Focusing on Turkey as a critical case of Europeanization beyond EU borders during the accession process, the paper examines law-making procedures and patterns from the launch of accession negotiations to their effective suspension (1999–2016). The analysis draws on parliamentary minutes addressing procedural change and legislative deliberation, European Commission Progress Reports, and Constitutional Court decisions, complemented by an original quantitative dataset covering all legislation adopted between 1991 and 2016, including information on the number of laws, their length, and the procedures under which they were enacted. This empirical material allows the study to identify systematic procedural adaptations during periods of intensive harmonization.
The findings reveal that the accession process created an opportunity structure in which domestic political actors were able to justify departures from ordinary legislative routines by framing harmonization as a technical necessity requiring speed and efficiency. While early EU Progress Reports frequently praised Turkey’s “impressive legislative performance,” this emphasis on legislative output obscured a more profound institutional transformation in the law-making process. Interpreted through the de-parliamentarization thesis, this dynamic reflects a path-dependent shift in which procedural shortcuts adopted under the logic of efficiency facilitated a growing concentration of agenda-setting power within the executive, without necessarily altering the formal content of harmonized legislation.
Crucially, the paper shows that once institutionalized, these exceptional procedures were not confined to EU-related reforms but were increasingly instrumentalized by domestic actors to advance political agendas beyond the scope of accession. The impact of EU integration thus operated not merely as external pressure, but through its interaction with domestic incentives, enabling the strategic use of procedural flexibility under the rhetoric of integration-related urgency.

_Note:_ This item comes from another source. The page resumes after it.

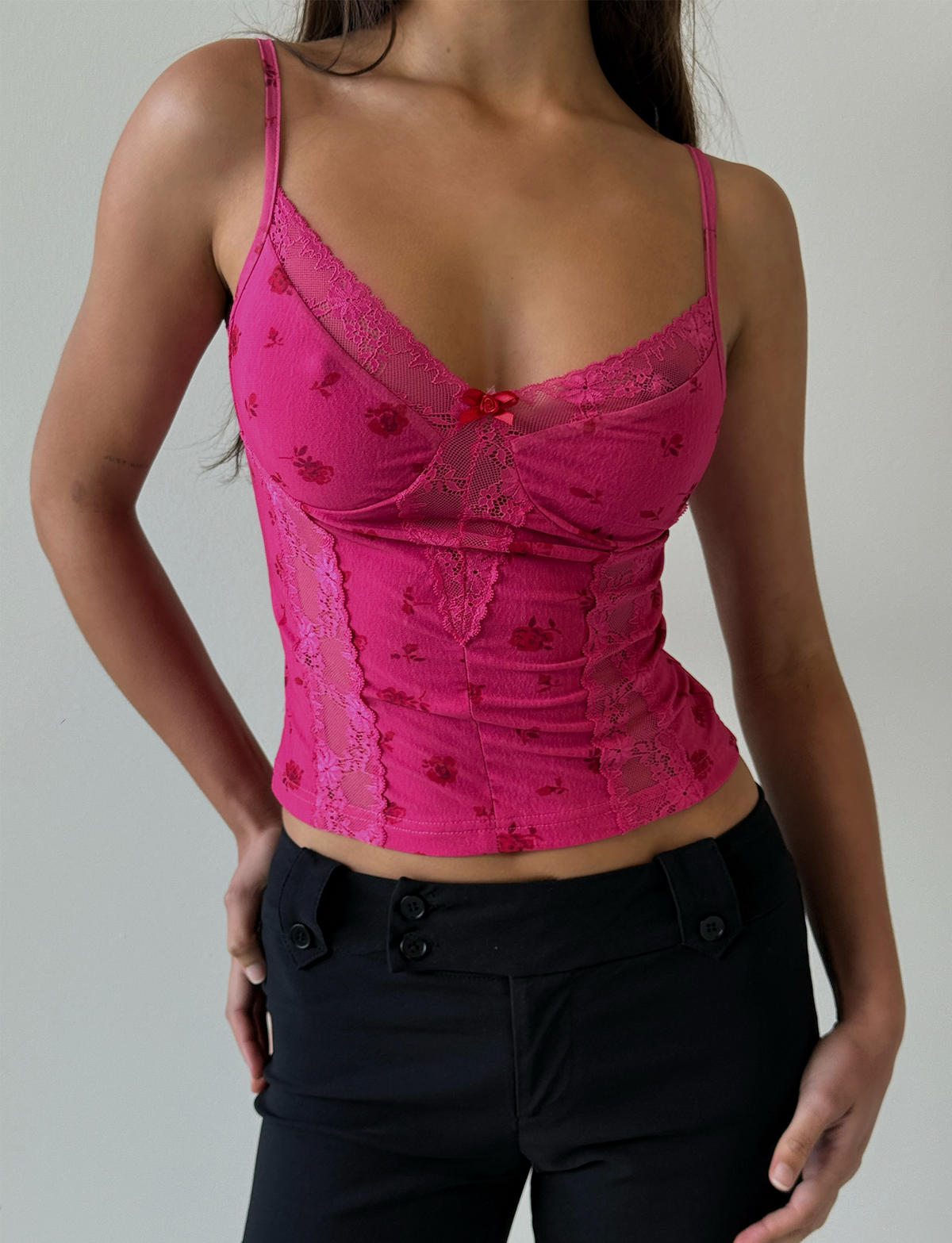 A woman wears the TIGERMIST KHALIA TOP - DITSY FLORAL, a fitted pink floral mesh camisole with lace trim, paired with black pants. She stands against a plain light background, hands on hips, and her head partially out of frame.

By situating Turkey’s experience within a broader comparative perspective, the paper highlights parallels with the Central and Eastern European countries whose accession negotiations coincided with Turkey’s, as well as potential implications for current candidate states in the Western Balkans and the Eastern Partnership. Overall, the paper contributes to debates on Europeanization by demonstrating that law-making procedures constitute a contested space in which external integration processes and domestic political strategies interact, producing institutional consequences that shape the democratic quality of the law-making process.